多国語習得を超えた「バイリンガル教育」のメリットとは

バイリンガル教育」というと、どのような風景を思い浮かべるでしょうか。日本の中高等学校での英語の授業も通常バイリンガル教育と捉えることができるはずです。最近では、初等教育の高学年から英語の授業をカリキュラムに採用するなど、日本の教育現場は過渡期を迎えています。我が子をバイリンガルにし、より世界との交流を可能にするためにはどのような「バイリンガル教育」を行えば良いのでしょうか、

今回はブラジルの「バイリンガル教育」のモデルケースを紹介します。
サンパウロにあるプレイペン・バイリンガル・エデュケーション(Playpen Bilingual Education、以下PBE)では、幼児(生後14ヶ月から5歳まで)のクラスを英語のみで行い、英語の音楽を聴いたり先生の発音を真似たりすることをメインに、自然でネイティブな英語の習得を目標としています。しかし、初等部(6歳から11歳まで)に進むと、クラスで使われる言語は英語が50%、ポルトガル語が50%となり、常に両方の言語が混在するような環境にしています。そして、生徒が高学年に上がるにつれてよりポルトガル語をより意識したクラスへと移っていきます。

このように多言語を融合する教育法には、複数の言語を習得する以外に様々なメリットがあります。
1つは認知制御機能を養うことができること。認知制御機能とは、例えば速い問題解決能力や優れた計画能力など、目標に対する効率的なステップを計画することが得意になります。そして環境や文脈に応じて言語を選択することから、より場に適した振る舞いをすることができるようになると考えられています。さらには、多言語を使い分けることにより脳の老化を遅らせ、認知症の発症を防ぐとも言われています。
しかし日本において、PBEのように完全な多言語融合を行っている教育機関は少ないのが現実です。そこでどのような取り組みが家庭でできるかというと、両親と子供が多言語でコミュニケーションを取ることです。特に親と接する時間の長い幼児にとっては、両親が複数の言語を理解した上で、子供が自分の伝えたいことを表現できる言語を選べる環境を作ってあげると良いでしょう。そして、言語以外にも音楽をたしなむことが良いとされています。音楽には歌詞と多数の音の層が混在しており、それぞれを認知する行為が言語選択をする際の脳の働きを養うことができるためです。ピアノやギターなど楽器を習うことも脳をより活性化させることに役立ちます。
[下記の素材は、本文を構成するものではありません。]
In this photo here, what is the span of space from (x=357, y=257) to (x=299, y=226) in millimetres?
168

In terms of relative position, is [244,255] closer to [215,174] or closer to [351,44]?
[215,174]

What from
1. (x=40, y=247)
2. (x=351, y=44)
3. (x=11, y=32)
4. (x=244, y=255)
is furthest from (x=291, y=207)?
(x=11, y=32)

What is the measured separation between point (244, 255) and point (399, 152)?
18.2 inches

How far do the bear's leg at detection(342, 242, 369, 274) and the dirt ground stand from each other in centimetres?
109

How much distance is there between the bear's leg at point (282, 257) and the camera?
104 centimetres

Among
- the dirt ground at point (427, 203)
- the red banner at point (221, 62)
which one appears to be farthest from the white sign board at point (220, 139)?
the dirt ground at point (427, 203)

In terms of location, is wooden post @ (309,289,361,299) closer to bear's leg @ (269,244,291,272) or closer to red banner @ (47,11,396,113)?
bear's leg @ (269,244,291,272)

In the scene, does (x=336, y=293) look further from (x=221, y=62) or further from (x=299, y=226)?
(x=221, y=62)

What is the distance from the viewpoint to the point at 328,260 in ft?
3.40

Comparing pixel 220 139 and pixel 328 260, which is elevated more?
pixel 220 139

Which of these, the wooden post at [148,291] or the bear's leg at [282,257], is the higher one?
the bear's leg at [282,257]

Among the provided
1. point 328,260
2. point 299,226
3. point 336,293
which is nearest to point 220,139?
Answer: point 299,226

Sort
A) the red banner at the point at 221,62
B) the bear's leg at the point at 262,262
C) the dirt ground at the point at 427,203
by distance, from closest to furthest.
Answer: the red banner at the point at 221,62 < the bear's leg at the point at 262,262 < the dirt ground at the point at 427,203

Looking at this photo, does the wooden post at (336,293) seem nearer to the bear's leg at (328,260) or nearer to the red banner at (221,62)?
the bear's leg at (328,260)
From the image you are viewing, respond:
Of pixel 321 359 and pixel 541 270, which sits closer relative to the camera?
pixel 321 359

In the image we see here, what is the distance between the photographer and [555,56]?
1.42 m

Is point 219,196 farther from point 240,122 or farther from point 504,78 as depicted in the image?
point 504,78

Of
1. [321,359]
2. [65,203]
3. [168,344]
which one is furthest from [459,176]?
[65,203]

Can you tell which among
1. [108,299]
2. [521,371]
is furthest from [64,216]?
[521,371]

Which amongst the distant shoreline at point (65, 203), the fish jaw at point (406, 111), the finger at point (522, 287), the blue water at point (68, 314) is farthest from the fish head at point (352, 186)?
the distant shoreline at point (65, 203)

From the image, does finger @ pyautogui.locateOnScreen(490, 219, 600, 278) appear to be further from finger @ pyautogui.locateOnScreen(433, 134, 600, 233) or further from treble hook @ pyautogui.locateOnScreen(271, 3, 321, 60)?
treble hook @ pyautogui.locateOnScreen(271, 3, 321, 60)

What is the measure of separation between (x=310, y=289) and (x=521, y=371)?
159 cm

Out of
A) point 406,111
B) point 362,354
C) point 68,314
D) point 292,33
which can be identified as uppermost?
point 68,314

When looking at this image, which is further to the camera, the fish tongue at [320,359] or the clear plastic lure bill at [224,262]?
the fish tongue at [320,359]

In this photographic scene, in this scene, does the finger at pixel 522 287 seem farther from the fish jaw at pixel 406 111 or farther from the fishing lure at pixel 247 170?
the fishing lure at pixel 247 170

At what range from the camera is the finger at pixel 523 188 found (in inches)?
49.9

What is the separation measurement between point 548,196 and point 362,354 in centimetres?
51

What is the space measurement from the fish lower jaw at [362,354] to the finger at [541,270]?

「バイリンガル教育」とは、外国語で読み書きができるようになること以上に、複数言語をより巧みに扱える脳を養うということが重要なポイントです。そして、脳の働きを活性化させるには、学校のカリキュラム以外にも家庭で取り組めることがあります。今日からでもご家庭で外国語を会話に取り入れてみてはいかがでしょうか?